The position of the first defendant

[16] No application is made on the first-named defendant’s behalf. Mr Majurey submitted from the Bar that the named entity did not exist. I am not in a position on the material placed before me to determine whether, factually, that submission is correct. Be that as it may, the inadequacies of the pleadings, in my view, justify the striking out of the whole proceeding, including the references to the first defendant because the documents presented to the court are plainly inadequate and provide in their content no justification for further consideration by the court. They fail to identify a reasonable cause of action. It is for that reason that I intend making an order dealing with the entire proceeding.

Costs

[17] Counsel reported that this was not the first occasion when Mr Kingi had filed a proceeding allegedly to cover the matters that he identified in a discussion with Ellis J in respect of which I have recorded her Honour’s reference to what she was told. Understandably, some counsel have sought orders for increased or indemnity costs.

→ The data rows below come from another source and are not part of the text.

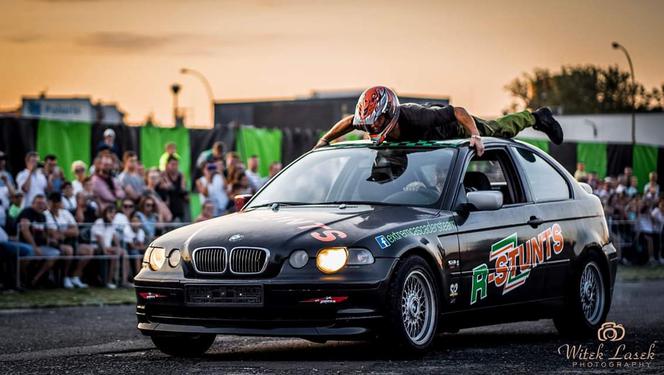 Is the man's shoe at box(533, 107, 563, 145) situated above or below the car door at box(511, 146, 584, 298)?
above

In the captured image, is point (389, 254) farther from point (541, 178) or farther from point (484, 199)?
point (541, 178)

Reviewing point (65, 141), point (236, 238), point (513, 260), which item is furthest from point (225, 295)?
point (65, 141)

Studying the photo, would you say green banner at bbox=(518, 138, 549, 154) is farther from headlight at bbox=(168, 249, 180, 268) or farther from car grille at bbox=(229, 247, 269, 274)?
car grille at bbox=(229, 247, 269, 274)

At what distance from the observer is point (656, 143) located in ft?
220

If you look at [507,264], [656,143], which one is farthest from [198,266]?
[656,143]

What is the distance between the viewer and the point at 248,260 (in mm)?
8266

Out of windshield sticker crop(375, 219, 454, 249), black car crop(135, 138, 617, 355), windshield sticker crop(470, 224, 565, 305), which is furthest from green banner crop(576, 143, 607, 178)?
windshield sticker crop(375, 219, 454, 249)

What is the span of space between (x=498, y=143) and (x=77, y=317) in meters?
5.44

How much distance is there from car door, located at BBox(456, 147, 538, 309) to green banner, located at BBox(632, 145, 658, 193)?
2319 centimetres

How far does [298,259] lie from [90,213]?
1063cm

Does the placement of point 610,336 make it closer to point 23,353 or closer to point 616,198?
point 23,353

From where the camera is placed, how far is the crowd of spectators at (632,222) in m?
26.1

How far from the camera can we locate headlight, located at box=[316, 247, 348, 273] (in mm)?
8180

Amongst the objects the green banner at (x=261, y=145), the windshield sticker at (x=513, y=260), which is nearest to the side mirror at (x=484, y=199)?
the windshield sticker at (x=513, y=260) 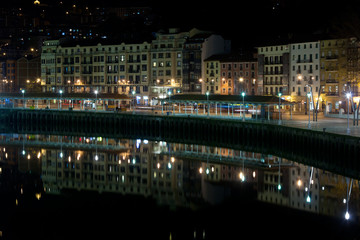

[18] I can understand the frustration of the parties who have taken steps here and why, in the circumstances, they invite the court to engage that part of Part 14 of the High Court Rules dealing with increased and indemnity costs. Nevertheless, I have concluded that at this early stage of this proceeding, and because I determine that finality of all matters arising out of this proceeding is in the interests of all parties, costs should be fixed by a strict application for Category 2 Band B in respect of each of the defendants’ applications to strike out.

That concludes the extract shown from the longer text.